Why don't you walk a mile in their shoes before you make that assumption because when you say something like taht you are really just being a judgemental. Or better why don't you tell my friend that she was just an ungrateful kid because she bemoaned the fact that her mother was older and died of alzheimer's before she was even 30 years old. You can tell her how ungrateful she was when she was crying at her casket that she wished she had more time with her mother.
I know my friend only wishes that she was as fortunate as her brothers to have had much more time with her when she wishes her mom hadn't waited so long to have her and that is as far from ungrateful as one can be.
Speaking for my friend and judging by the few posters here who have mentioned having older parents I can say that their wish wasn't to never be born at all, just a wish that they were born sooner.
But that makes no sense. She couldn't have been born earlier. Her mom might have had a child before then, but it wouldn't have been your friend. Your friend was created in that blip of time with that ONE egg and that ONE sperm...no other combo would have created HER.
I've thought about what would have been, if DH and I had gotten married when we first met...which is what I wanted to do (big Dharma and Greg fan at the time, LOL). If we'd eloped immediately and had a baby, how great would that have been? But the likelihood that we would have done everything exactly the same, so that the two unique and specific bits of us were available on the exact night they ended up getting together, is ridiculously low...and therefore, we might have had other kids, but we wouldn't have had the boy we have NOW...and that's just too sickening to think about.

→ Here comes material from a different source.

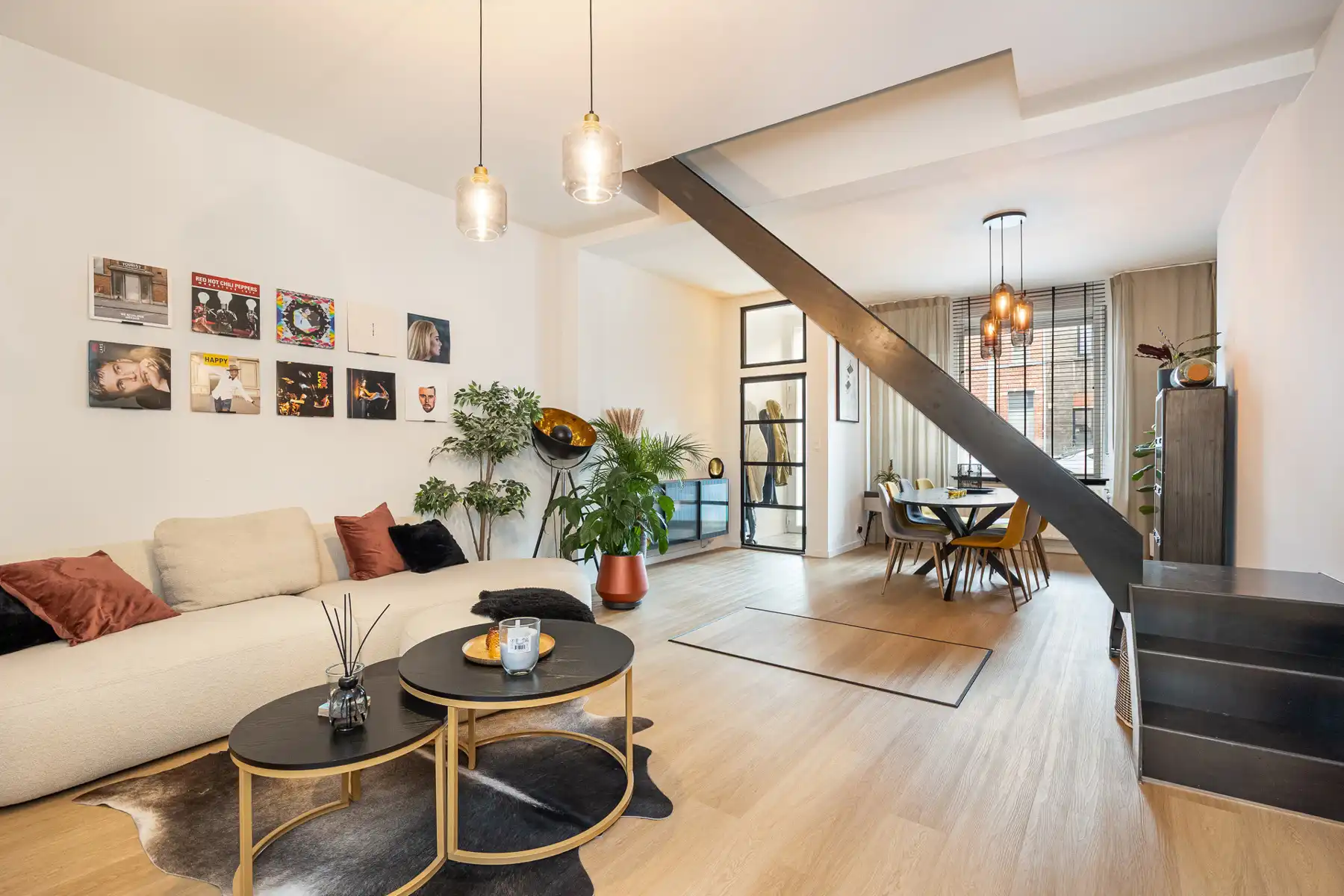 Charmante woning met uitbreidingsmogelijkheden te Aalst foto {{pictureIndex}}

Your friend's mom might have had others...but they wouldn't have been your friend.
It's awful to lose a parent, especially before your own life really gets going. My mom died at 55, when I was newly 30, due to a medical error and misdiagnosis (rather, missed diagnosis). It SUCKED. I wished I had more time with her, too.
ETA: Please remember, that not everyone gets to "choose" when they have children. DH and I were married 15 years before DS was born.
Ayep!
Here's the funny thing. My mom was 25 when she had me. I always, ALWAYS, thought she was ancient! I had one friend whose mom was older than my mom, well, to have had a FIRST baby that is. Everyone else had these crazy-young moms, and I felt that was "normal". I had one friend who had a living great-great-grandmother who was relatively young; that's how young the women in her family started their families (and my friend went with the program, was pregnant at HS graduation) I had two friends with older parents, but my friends were their last; bonus babies as it were.
My FIL was something like 45 when DH was born. Any kids were a surprise for FIL, because he'd had some bout of the nasties while in the Navy during WW2, and had been told there would be no babies. When he married my MIL she was pregnant with another man's baby, and FIL raised him as his own, and was very surprised 9 years later when DH showed up. ANyway, FIL was old from when he was young. It's not a surprise that he acted old as he started getting old. But then he was a very spry 70+ year old! So it's like he was 65 from the time he was 25, and just stayed there until the end.
So much of age is so relative.
Also, being a lazy parent has its advantages! I always knew I'd be one of them; I was a lazy oldest sister and a lazy babysitter (though also a good and fun babysitter), and I'm the same way with DS.

There was no "running around after a toddler" in my household, LOL. There was, and hopefully will be again soon (knock wood), watching the crazy kid running all around in a safe environment. I wouldn't have been running after a toddler even at 22! Laziness has its advantages.